Unfortunately, from just looking further into it. The article you provided is wrong and a combination waste and vent system cannot be used on a kitchen island sink in the configuration on the picture from fine home building and from the picture posted by gregory.
To make it work, the piping starting just after the tailpiece of the sink must be over sized compared to the tailpiece and go straight into the floor area below into a similarly oversized P-trap and horizontal pipe, which should be vented somewhere down the line. However, this also runs into another problem. For a fixture trap, the vertical height from the outlet of the sink to the trap weir of the p-trap cannot exceed 24 inches(1001.2 UPC and 1002.1 IPC). So practically, only a short stubby sink can be installed if using the combination waste and vent system, which is not going to work for a kitchen island.
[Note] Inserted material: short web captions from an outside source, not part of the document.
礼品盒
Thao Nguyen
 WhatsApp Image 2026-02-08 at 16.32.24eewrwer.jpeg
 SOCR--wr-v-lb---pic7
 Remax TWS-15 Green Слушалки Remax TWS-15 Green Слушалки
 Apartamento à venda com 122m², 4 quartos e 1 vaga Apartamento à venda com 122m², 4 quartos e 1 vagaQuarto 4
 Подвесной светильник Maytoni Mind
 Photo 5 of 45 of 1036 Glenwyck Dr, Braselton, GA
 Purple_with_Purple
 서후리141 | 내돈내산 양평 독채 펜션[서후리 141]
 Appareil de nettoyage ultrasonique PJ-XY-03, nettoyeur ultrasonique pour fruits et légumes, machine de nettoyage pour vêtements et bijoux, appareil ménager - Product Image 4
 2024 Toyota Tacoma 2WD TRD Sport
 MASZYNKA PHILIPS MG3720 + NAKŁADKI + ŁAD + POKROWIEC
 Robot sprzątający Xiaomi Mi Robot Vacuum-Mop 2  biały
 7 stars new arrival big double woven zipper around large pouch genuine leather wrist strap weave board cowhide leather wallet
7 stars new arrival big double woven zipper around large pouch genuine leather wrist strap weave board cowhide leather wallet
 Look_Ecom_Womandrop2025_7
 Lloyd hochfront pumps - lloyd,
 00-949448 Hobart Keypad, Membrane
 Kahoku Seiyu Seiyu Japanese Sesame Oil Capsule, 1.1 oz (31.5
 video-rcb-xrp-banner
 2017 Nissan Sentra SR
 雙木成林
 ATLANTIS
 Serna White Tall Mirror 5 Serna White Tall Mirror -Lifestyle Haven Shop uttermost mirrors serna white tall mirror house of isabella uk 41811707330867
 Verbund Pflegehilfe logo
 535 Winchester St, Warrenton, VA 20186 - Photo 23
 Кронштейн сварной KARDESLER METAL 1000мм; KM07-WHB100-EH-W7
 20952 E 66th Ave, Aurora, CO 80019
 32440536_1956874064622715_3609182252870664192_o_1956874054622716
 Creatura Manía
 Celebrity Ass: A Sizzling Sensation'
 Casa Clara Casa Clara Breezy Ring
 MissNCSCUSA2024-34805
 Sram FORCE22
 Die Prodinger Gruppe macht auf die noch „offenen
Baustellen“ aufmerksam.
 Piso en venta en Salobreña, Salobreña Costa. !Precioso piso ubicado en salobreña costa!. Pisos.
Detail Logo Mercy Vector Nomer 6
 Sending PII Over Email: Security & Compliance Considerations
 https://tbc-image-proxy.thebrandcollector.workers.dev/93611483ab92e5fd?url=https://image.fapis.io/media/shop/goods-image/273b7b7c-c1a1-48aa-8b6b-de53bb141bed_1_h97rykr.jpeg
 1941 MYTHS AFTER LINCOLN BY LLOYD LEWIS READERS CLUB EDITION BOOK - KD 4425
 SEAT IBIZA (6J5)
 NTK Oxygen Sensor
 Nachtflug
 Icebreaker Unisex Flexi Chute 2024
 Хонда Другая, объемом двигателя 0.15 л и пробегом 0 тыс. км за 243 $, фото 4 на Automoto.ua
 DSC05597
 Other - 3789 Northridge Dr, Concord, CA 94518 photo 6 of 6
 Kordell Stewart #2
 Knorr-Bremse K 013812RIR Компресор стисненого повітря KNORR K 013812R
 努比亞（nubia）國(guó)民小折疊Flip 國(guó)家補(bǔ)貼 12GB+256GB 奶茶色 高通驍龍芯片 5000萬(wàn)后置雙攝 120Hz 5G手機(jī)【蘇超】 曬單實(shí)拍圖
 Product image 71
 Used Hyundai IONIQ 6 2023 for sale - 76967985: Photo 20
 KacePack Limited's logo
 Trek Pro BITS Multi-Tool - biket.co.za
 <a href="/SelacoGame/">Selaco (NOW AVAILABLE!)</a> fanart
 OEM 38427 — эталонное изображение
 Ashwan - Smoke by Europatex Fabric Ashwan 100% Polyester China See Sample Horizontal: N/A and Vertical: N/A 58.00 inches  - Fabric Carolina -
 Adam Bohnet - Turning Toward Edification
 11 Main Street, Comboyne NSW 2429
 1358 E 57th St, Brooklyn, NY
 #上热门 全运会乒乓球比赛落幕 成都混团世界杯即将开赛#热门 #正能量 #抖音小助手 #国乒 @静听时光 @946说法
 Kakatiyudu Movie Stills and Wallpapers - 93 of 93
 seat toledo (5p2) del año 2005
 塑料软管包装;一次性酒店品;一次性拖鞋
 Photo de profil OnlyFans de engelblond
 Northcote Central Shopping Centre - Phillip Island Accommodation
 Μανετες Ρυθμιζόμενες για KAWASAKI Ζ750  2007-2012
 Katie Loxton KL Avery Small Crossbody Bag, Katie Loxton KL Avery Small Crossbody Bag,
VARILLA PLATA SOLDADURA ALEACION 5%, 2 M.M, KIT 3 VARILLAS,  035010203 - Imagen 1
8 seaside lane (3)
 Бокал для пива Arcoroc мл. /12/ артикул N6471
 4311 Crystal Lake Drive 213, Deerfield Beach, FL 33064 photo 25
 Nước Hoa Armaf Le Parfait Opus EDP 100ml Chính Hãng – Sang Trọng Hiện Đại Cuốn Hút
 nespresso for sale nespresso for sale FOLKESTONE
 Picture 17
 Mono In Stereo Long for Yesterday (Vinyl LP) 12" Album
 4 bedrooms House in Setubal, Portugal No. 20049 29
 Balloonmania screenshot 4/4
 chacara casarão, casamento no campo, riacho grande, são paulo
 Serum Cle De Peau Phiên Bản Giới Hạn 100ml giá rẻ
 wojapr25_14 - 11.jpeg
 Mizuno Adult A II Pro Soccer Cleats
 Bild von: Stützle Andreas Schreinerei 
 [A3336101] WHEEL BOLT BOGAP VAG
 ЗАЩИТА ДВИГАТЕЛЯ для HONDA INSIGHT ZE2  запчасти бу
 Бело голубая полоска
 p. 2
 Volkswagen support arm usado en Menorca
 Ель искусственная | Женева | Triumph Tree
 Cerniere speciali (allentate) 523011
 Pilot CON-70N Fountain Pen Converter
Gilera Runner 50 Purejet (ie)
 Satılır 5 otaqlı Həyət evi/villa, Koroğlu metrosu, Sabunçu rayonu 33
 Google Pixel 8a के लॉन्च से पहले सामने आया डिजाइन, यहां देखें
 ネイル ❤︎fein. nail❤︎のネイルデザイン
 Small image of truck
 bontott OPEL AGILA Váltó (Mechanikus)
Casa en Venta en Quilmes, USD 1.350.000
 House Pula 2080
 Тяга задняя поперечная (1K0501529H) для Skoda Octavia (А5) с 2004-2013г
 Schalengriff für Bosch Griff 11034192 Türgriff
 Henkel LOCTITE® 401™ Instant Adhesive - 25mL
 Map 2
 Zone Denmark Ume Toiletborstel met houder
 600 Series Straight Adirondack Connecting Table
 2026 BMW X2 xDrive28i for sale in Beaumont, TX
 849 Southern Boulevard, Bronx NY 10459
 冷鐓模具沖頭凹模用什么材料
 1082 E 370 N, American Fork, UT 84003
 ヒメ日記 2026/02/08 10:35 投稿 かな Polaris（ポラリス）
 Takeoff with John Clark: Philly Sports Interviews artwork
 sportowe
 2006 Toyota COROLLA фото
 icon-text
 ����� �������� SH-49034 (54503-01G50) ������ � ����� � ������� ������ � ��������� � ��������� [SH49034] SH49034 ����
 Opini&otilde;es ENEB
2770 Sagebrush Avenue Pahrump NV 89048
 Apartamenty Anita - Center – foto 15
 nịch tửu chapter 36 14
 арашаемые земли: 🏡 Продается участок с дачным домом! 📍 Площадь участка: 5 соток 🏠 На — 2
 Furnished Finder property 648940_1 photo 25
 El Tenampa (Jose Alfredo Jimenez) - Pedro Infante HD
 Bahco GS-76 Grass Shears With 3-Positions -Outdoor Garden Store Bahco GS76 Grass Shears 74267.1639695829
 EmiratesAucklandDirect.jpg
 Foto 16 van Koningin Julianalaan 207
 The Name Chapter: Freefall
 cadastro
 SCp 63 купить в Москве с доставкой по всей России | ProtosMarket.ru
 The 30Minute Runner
This is a rarely used and fairly new system in residential, and it sounds too good to be true as well. As the piping gets clogged, the venting space can get blocked and the system can fail. But then again that would be in a clog situation, and any other wet vents could get clogged as well. I guess from less likely to more likely to clog vents you’d have dry vent, vertical wet vent, horizontal wet vent(combo waste and vent). Please read the relevant sections and see if what I’m saying makes sense.
In 910.5 from the 2021 UPC
In 915.2 from the 2021 IPC
I also agree I see no S-trap either. The main drain line is oversized and is most likely vented. As the OP has mentioned it drained with no problem. I may make note in my report that even though the island sink drain appear to drain properly, there was no visible drain vent observed.
What you’re saying Yu does make sense, and IMO the best option in this scenario would be the addition of an AAV, but different jurisdictions have different rules so what makes sense to us home inspectors as a better option may not be the only allowable and cheapest way for a builder to do it.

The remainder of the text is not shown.